C’est à Lutz, ministre de la catholique Bavière, que revint la mission de présider et de justifier cette manœuvre. Le Reichstag l’entendit expliquer que l’Empire, formant un tout organique, devait marcher au secours d’un de ses membres souffrans, le royaume de Bavière, mis à mal par les ambitions de l’Eglise. Le placet, le recours comme d’abus, s’étaient décidément révélés incompatibles avec l’esprit de l’Etat moderne. Mais avant de rendre l’Eglise libre, il fallait élever, en face d’elle, des boulevards protecteurs de l’Etat. Lutz dénonçait la transformation en dogmes des antiques idées théocratiques, l’existence d’un nouveau clergé jésuitisé, qui courtisait les masses, et le terrorisme, enfin, que faisait peser la presse ultramontaine sur les prêtres d’humeur indépendante. « Autant de raisons, disait-il, pour consolider le terrain de l’Etat. »

Le paragraphe pénal qu’il proposait frappait l’ecclésiastique qui ferait de la politique en chaire, « de manière à mettre en danger la tranquillité publique : » un emprisonnement pouvant durer jusqu’à deux ans châtierait ce délit.

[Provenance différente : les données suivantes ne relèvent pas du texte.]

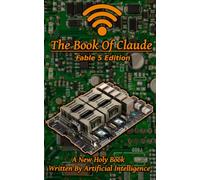 The Book Of Claude: Fable 5 Edition: A New Holy Book Written by Artificial Intelligence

Onze mois seulement après la fondation de l’Empire, la catholique Bavière, aux applaudissemens des nationaux-libéraux, suppliait le Parlement impérial de l’aider à se défendre contre l’Eglise. Lorsque de la guerre étrangère était sortie l’unité allemande, la Bavière n’avait dit oui qu’à contre-cœur ; elle était la première, aujourd’hui, à se réclamer de cette unité, à l’invoquer, à la sceller, en vue d’une guerre intérieure où, fièrement, elle occupait les avant-postes. Le national-libéral Vœlk, dans une phrase imagée, soulignait l’importance de cette démarche : « Si un fier lion comme le lion bavarois, s’écriait-il, se réfugie sous les serres de l’aigle, c’est que le péril est pressant. » C’est en regardant la France que le reste de l’Allemagne avait acclamé l’Empire : c’est en regardant l’Église, et en la bravant, que la Bavière survenait à son tour, suppliante volontairement humiliée, pour rendre à la force et au droit de l’Empire un hommage imprévu, inespéré.